La película entonces es también un pensamiento sobre estar pensando qué hacer con el deseo de hacer películas. Cuando Celina le pregunta si la toma está saliendo bien, el director le dice algo como que en realidad no sabe si está haciendo una película. Él la graba mientras ella —una actriz argentina que no puede actuar en Chile por su acento y que se ha dedicado en cambio a sacar fotografías—, revisa las fotos que le encargó su madre en una sesión con modelos para promocionar nuevamente la ropa. Celina destaca en cámara por su presencia cautivante, liberadora, espontánea, que rapidamente captura como un centro gravitacional la atención de Ignacio. El director queda atrapado por una suerte de patrón de figuras que se dibuja en el kimono que la actriz ocupa mientras pasean en una especie de prado salvaje que queda al frente de la tienda. Obviamente el director se ha enamorado, pero su voz no lo va a reconocer. En cambio, va a interpretar ese amor como si fuera un modo de encontrarse nuevamente en alguna película: la sorpresa que te encuentras en un bazar, por ejemplo, aunque a mi me resuena más a un cuento de verano.

Pero Celina destaca aún más porque trae en diálogo lo que el protagonista no logra concretar: dirección y decisión. En sus palabras se dicen cosas que dan curso posible a los planes no amarrados por el protagonista: ¿cómo formular una película?, ¿cómo fijarse en lo que está pasando alrededor?, ¿cómo preguntarse por lo que se ha presenciado para que termine de cerrarse y encuentre una explicación?

En una suerte de cita camuflada con la actriz, la miseria del protagonista encuentra como incrementarse. Miseria que en realidad es testimonio de sus desventuras escritas en tono de pregunta. Allí entonces el fondo del mar —fortalecido en unas olas llenas de vértigo— hace emerger a Celina como una actriz apresada en la peor de las tragedias: una escena que no pertenece a ningún filme. Se mueve entonces, confusa y frustrada, como la marioneta de las pseudoinstrucciones que el protagonista va sacando de su sombrero de chamullos para sostener el encuentro sin poder reconocer muy bien para qué ha decidido sostenerlo. A excepción, por supuesto, de la seguridad de querer compartir con alguien el propio desconcierto. En la cúspide de las solicitudes, Celina puede llorar y llora entonces de verdad.
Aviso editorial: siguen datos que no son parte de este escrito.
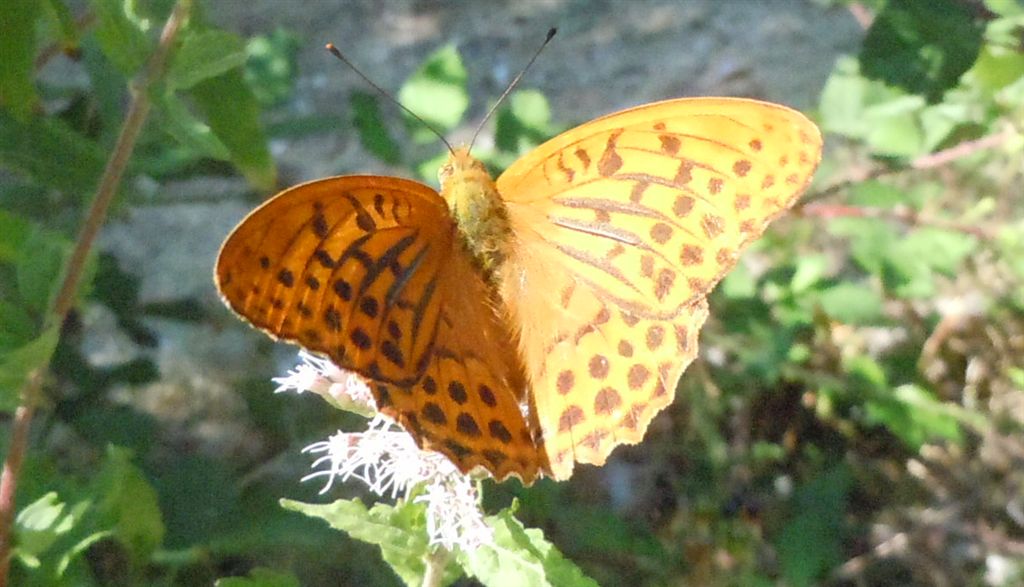 Argynnis paphia?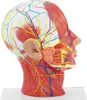 physa Anatomie Schädel - Medianschnitt - Originalgröße Produktbild-Vorschau 6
¿Pero por quién lloramos entonces? ¿Lloramos por eso que pasó que nos ha dejado sin dirección clara? ¿Lloramos de verdad? Imposibilidad de llorar por imposibilidad de experimentar el llanto como otra cosa que un melodrama, quizás podríamos desprender como diagnóstico fílmico de la época. O que no hemos podido permitirnos el melodrama para salir de él y encontrar caminos que den a un sustento diferente. Llorar puede ser simplemente la consecuencia de estar riendo atravesado por la incomodida y la ansiedad. El vagabundeo de la cámara se fijará entonces en lo que nos pasó, en lo que le pasó al país el año 2019 y aquello que hemos olvidado de ese entonces, en lo que también se anunciaban las asperezas que vendrían. El peso de las estaciones es más potente para Reñaca y por ello el retorno del verano se muestra irrefrenable: las olas dibujan en su ritmo recursivo lo que se espera de un balneario, ese una vez más nada pasa. La clienta que encuentra el vestido perfecto puede ir a pasearse a la gala del Festival esplendorosa, a pesar de que el cineasta rebote en las rejas del evento y tenga que conformarse con la visión de niños jugando en los fierros que soportan las graderías.

Felizmente en ese rebotar y conformarse se encuentra aún la posibilidad de dar con algo que valga la pena: encontrarse con nadie y sus animales, compartir brevemente la esperanza de una lluvia y así tener una excusa que te permita darle la razón a quién improvisadamente alguna vez te ofreció una dirección posible para compartir.